WHAT IS BEING ASKED:
Without copying any picture, transcribe exactly the lines of the data below from the one containing "Desert Dessert Painting by Michael Humphries Desert" through the one containing "polygon shapes 2d".

EXERCISE DATA:
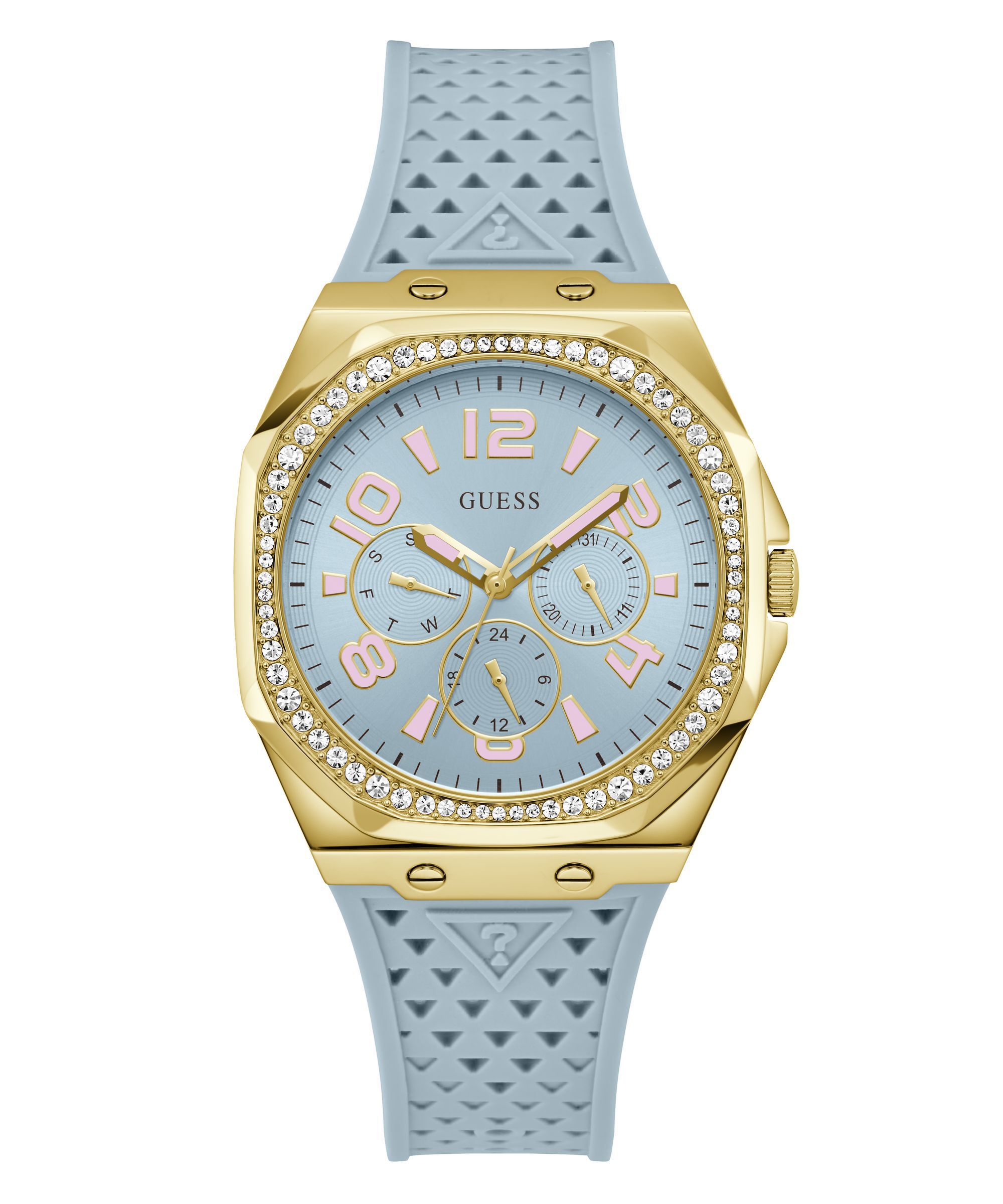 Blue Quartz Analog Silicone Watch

...

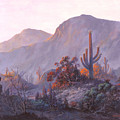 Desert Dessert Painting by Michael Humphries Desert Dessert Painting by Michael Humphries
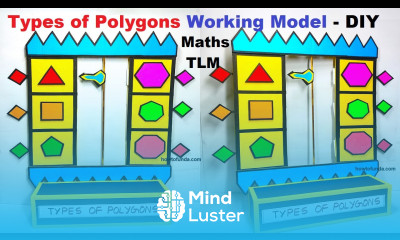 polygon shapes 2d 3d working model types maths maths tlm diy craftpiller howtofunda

RESPONSE TO THIS TASK:
 Desert Dessert Painting by Michael Humphries Desert Dessert Painting by Michael Humphries
 polygon shapes 2d 3d working model types maths maths tlm diy craftpiller howtofunda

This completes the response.